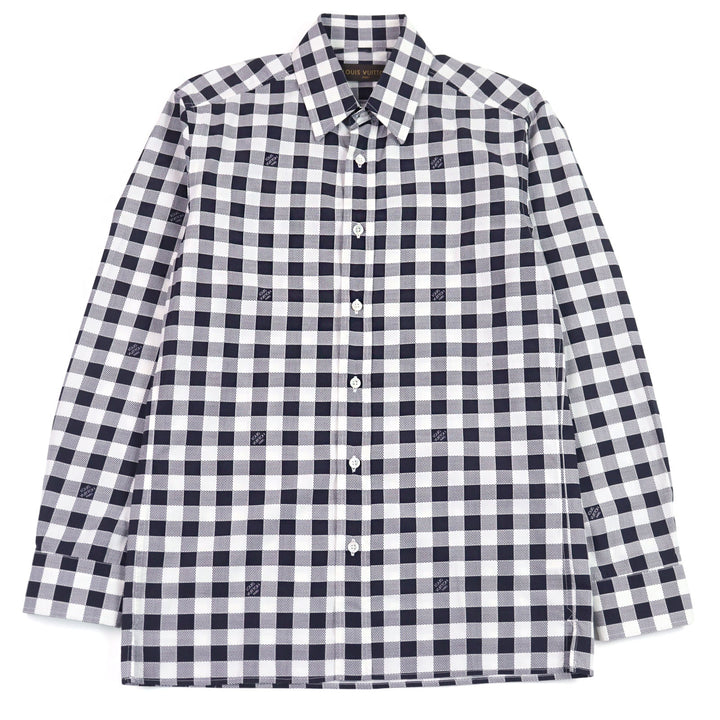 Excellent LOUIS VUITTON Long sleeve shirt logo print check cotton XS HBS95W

--

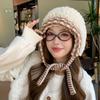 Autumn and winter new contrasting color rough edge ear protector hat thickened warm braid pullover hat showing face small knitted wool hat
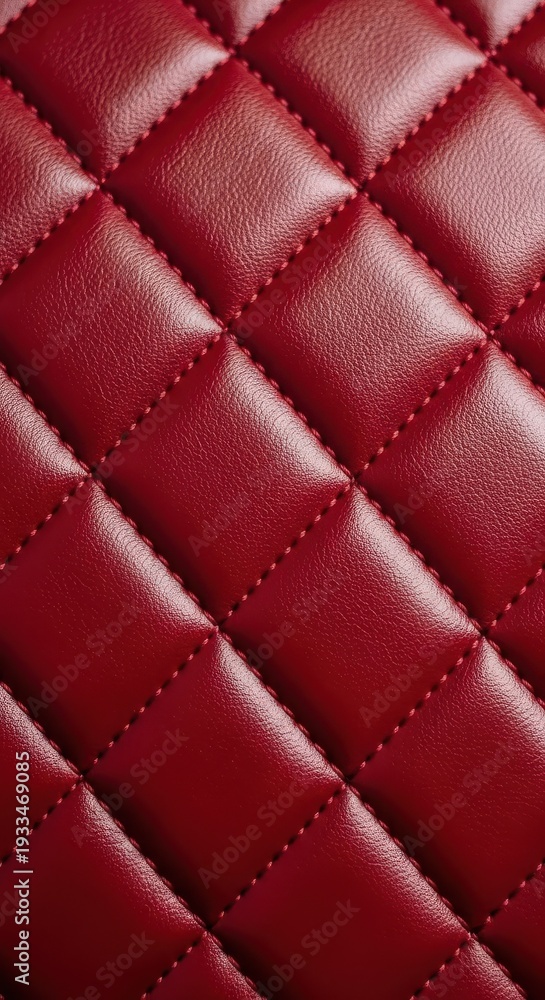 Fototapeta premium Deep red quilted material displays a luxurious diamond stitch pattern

Task statement >> Quote the data above exactly from the line with "Autumn and winter" to the line with "Fototapeta premium Deep", both ends counted, and nothing else. Pictures don't go in.

Solution to this exercise >>
 Autumn and winter new contrasting color rough edge ear protector hat thickened warm braid pullover hat showing face small knitted wool hat
 Fototapeta premium Deep red quilted material displays a luxurious diamond stitch pattern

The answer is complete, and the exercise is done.